What you need to do: What is needed is an exact copy of the data below, pictures excluded.

Image-text web data
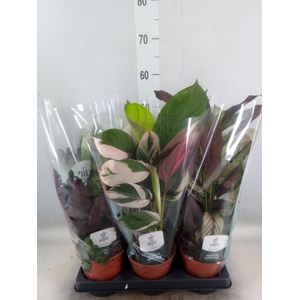 Calathea   ...mix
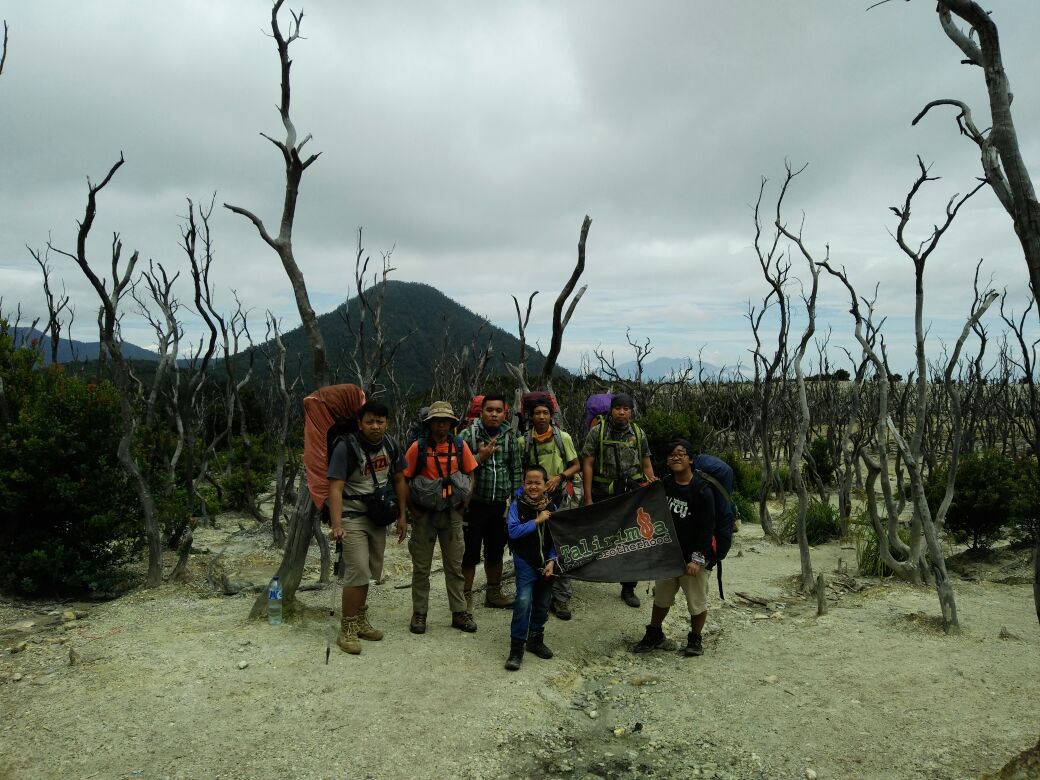 talirimba indonesia tweet media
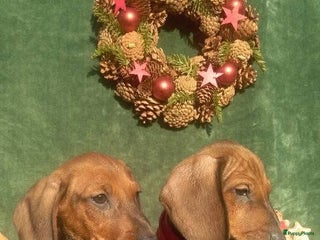 Teckel (korthaar) honden teckel pups reu met FCI stamboom - Advertentie 17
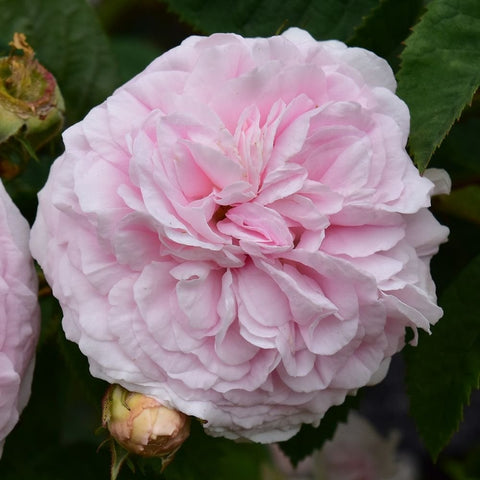 Felicite Parmentier rose flower close-up, pale pink double petals with green foliage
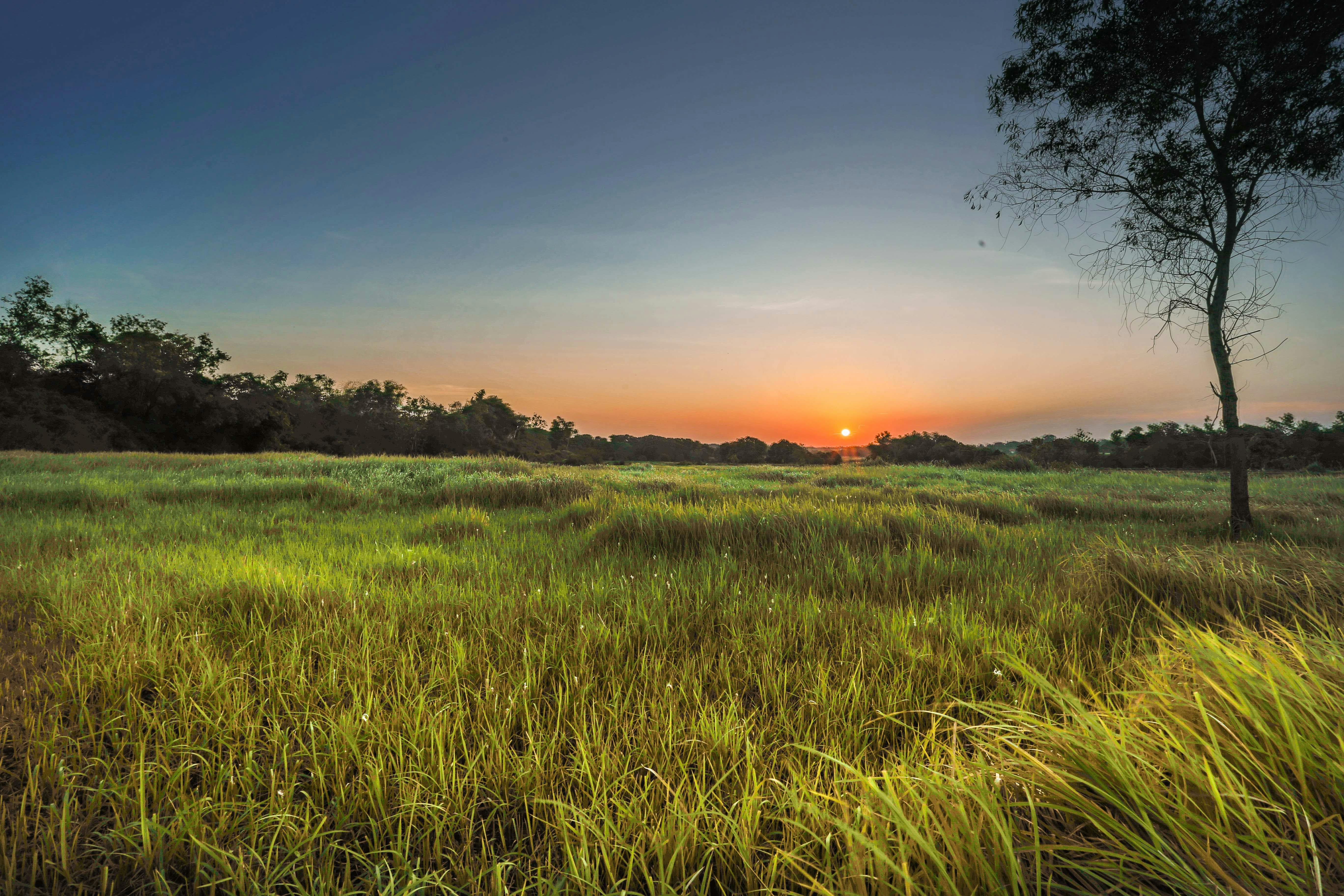 landscape-photography-of-green-grass-field-during-golden-hour-free-stock-photo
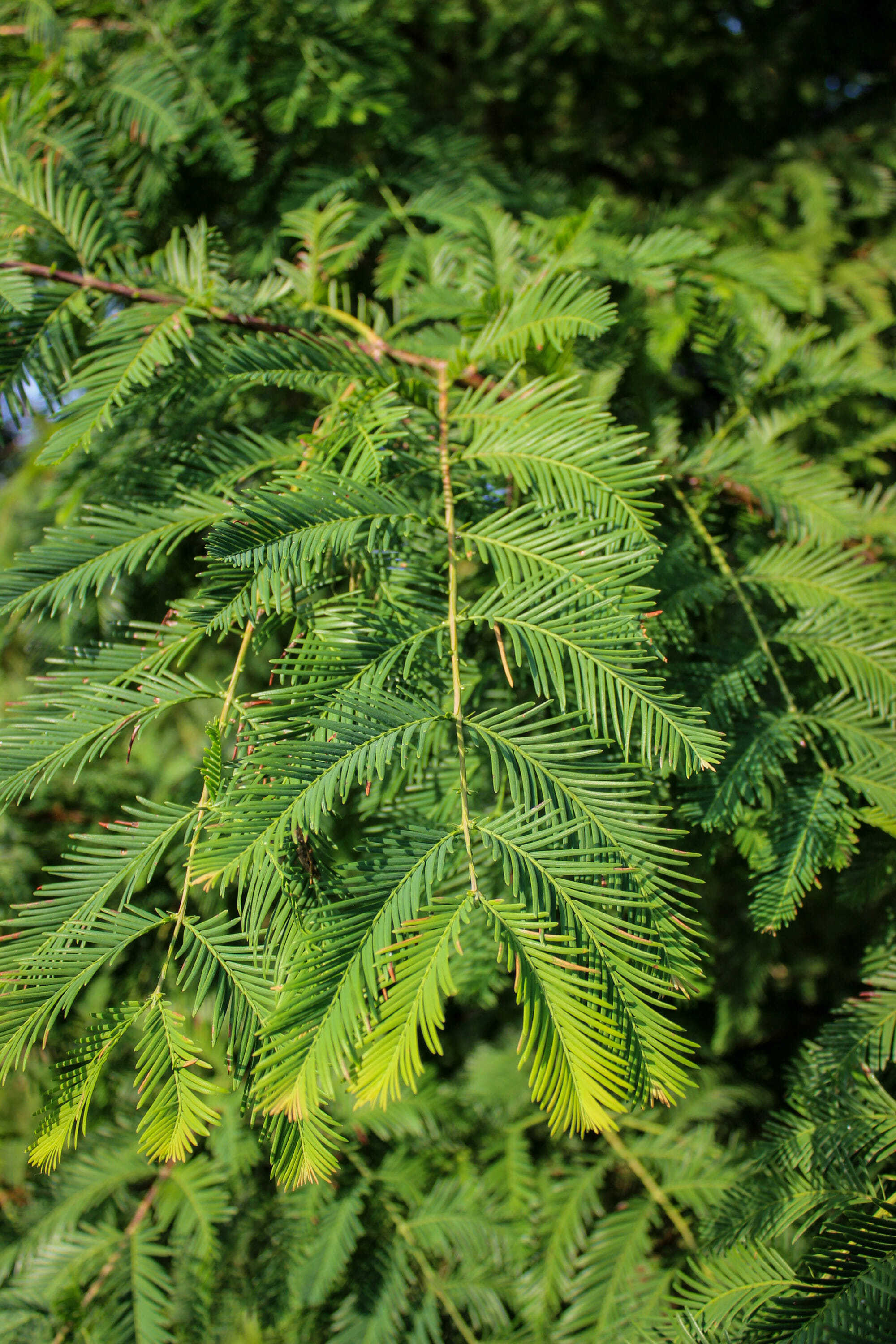 Dawn Redwood - Halka Nurseries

Reply:
 Calathea   ...mix
 talirimba indonesia tweet media
 Teckel (korthaar) honden teckel pups reu met FCI stamboom - Advertentie 17
 Felicite Parmentier rose flower close-up, pale pink double petals with green foliage
 landscape-photography-of-green-grass-field-during-golden-hour-free-stock-photo
 Dawn Redwood - Halka Nurseries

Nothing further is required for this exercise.